In the entries below, which lines run from the one containing "Chint DTSU666 Modbus" to the one containing "Стартовий набір THE"? Copy exactly those lines, ends included, and no others.
BEGIN DATA SECTION
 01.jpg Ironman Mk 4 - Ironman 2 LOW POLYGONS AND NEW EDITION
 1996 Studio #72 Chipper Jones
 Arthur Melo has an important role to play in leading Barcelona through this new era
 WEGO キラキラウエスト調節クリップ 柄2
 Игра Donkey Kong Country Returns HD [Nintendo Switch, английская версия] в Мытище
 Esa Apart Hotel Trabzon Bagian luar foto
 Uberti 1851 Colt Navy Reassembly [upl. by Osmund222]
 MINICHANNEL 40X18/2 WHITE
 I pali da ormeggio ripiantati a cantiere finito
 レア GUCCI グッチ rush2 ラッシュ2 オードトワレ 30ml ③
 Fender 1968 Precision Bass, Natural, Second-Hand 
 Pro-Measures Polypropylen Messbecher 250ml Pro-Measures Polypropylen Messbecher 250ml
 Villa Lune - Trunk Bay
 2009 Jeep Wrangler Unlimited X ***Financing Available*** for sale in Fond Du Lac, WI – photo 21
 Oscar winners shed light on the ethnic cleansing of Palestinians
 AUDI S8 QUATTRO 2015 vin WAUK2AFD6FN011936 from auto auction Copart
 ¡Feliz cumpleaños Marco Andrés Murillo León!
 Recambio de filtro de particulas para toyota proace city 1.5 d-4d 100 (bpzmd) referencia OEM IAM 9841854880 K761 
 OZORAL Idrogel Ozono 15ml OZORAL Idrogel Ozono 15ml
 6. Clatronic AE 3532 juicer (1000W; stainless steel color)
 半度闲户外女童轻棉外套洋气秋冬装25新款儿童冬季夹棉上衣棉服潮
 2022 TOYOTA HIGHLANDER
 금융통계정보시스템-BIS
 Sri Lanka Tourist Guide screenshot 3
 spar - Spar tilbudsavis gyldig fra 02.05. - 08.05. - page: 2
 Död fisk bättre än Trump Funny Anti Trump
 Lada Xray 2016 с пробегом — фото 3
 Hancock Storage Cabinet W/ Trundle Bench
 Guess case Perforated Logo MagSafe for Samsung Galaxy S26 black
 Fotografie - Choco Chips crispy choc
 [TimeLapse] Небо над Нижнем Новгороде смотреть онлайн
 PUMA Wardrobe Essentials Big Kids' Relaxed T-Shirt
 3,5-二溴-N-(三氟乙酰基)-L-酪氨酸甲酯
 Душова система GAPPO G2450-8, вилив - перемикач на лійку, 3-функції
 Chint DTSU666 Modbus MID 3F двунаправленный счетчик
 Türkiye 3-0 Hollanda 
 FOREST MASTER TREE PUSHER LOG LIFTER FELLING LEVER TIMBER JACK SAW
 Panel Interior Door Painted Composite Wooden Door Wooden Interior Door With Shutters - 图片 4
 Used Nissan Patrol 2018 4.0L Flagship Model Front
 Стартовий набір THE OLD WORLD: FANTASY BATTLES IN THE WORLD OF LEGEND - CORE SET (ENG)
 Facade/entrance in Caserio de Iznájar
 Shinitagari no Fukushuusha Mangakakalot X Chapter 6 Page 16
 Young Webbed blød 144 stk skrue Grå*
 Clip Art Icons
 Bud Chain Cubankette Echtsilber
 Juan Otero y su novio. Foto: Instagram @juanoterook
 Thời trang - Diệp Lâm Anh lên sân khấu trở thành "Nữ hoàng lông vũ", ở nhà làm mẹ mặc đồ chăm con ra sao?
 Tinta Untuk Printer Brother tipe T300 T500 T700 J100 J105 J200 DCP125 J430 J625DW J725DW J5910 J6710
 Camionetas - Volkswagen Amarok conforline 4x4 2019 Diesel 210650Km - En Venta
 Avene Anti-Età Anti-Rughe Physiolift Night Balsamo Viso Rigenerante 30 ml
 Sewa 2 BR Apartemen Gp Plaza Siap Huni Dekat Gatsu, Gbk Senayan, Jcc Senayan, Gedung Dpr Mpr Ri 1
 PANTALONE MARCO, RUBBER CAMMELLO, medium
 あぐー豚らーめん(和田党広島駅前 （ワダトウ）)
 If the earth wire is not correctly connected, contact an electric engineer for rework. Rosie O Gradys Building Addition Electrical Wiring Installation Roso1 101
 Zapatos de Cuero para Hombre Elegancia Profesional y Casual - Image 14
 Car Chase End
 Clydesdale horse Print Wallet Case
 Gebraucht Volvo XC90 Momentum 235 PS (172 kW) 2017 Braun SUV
END DATA SECTION
PROBLEM SOLUTION:
 Chint DTSU666 Modbus MID 3F двунаправленный счетчик
 Türkiye 3-0 Hollanda 
 FOREST MASTER TREE PUSHER LOG LIFTER FELLING LEVER TIMBER JACK SAW
 Panel Interior Door Painted Composite Wooden Door Wooden Interior Door With Shutters - 图片 4
 Used Nissan Patrol 2018 4.0L Flagship Model Front
 Стартовий набір THE OLD WORLD: FANTASY BATTLES IN THE WORLD OF LEGEND - CORE SET (ENG)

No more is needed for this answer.